Question: “Was that all?”

Answer: “Yes, I think it was; I know it was.”

Question: “What time did she leave home?”

Answer: “About a quarter to 12.”

Question: “How old was Mary Phagan?”

Answer: “She was nearly 14 years old. She would have been 14 on June 1.”

At the mention of her daughter’s fourteenth birthday, the mother broke down for the first time. It was not evident what had happened as she hid her face with her large fan and no one knew that she was gently sobbing until a minute later.

Tells of Girl’s Beauty.

Here followed questions and answers in which the mother told that Mary Phagan was large and well developed girl for her size and what she was fair complected and decidedly pretty.

“Was she pretty or ugly?” the solicitor asked directly and yet in the kindest tone.

“She was pretty, mighty pretty,” the mother replied.

“Did not she have dimples in her cheeks?” pressed the solicitor.

“Yes, a dimple in either cheek,” replied the mother.

Mrs. Coleman was then asked to describe the dress her child had worn on the morning when she bade her goodby and told her she was going to the pencil factory to draw her pay.

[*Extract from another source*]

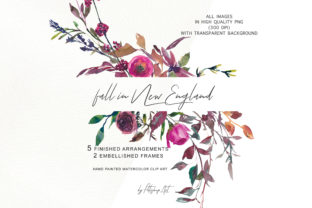 Watercolor Fall Twigs Herbs Flowers Review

A moment later an attachee of the solicitor’s office had spread out on the floor before the mother and the jury the clothes which the girl wore when her dead body was found.

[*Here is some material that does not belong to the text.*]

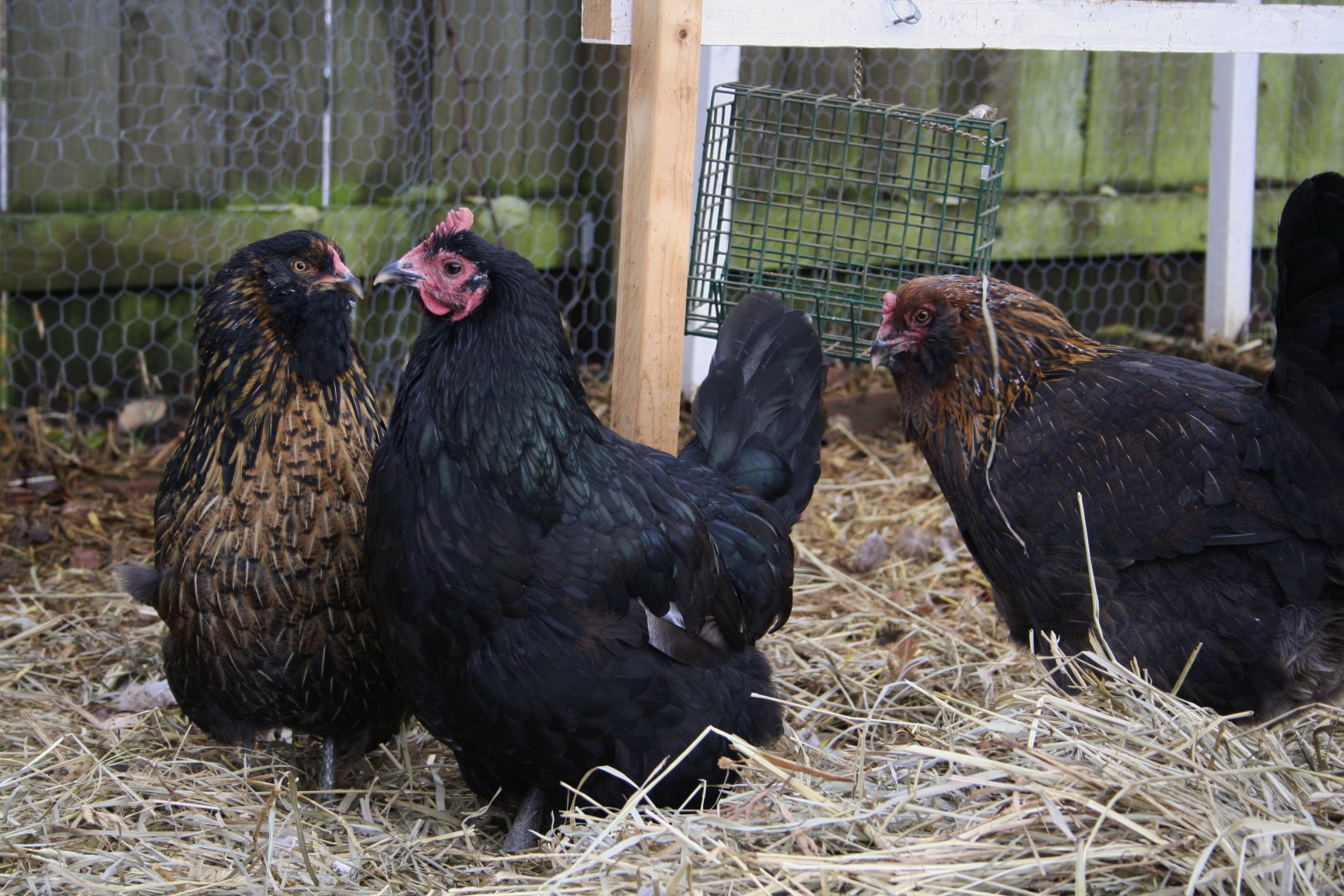 Gypsy, Queen Velma, and Jezebel.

“How long had it been since the girl had worked at the factory?” the solicitor asked while his employee was unwrapping the bundle of clothing.

“She had not worked there since the previous Monday,” Mrs. Coleman replied.

The woman had been shading her eyes from the sun’s rays during the examination, and suddenly she removed it and spied the clothes. She had previously sobbed when telling of her daughter’s age, and of the little personal traits about her; but when she perceived the garments the child had worn when she last kissed her goodby, little thinking it was forever on earth, a great shudder passed over her frame.

A burst of sobbing seemed to give her relief, and when the deputy brought her a glass of water she recovered sufficiently to drink it and to thank him so quietly that her voice was again audible only a fe feet away.

The mother’s agony at the sight of her dead child’s clothing was enough proof that she had identified them in the mind of the solicitor, and he declared that he had no more questions to ask.

Cross-Examination by Rosser.

Luther Z. Rosser, for the defense, took up the unpleasant task of cross-examination.

“Is that Miss Mary’s hat?” he asked in as kindly a way as his great voice and rugged bearing would permit.

“Yes,” sobbed the mother.

“She wore a pale blue ribbon and a small bunch of flowers on her hat when she left home, didn’t she?” the lawyer asked.

“Yes,” came the faint reply.

“Those are her clothes, then?” queried the attorney.

“Yes, I recognize them as hers,” said Mrs. Coleman.

Attorney Rosser turned from the matter of clothes, apparently satisfied, and started a new line of questioning.

“How far do you live from a car line?” he asked suddenly.

“About two blocks.”

“Is there a store near where you live, and who keeps it?”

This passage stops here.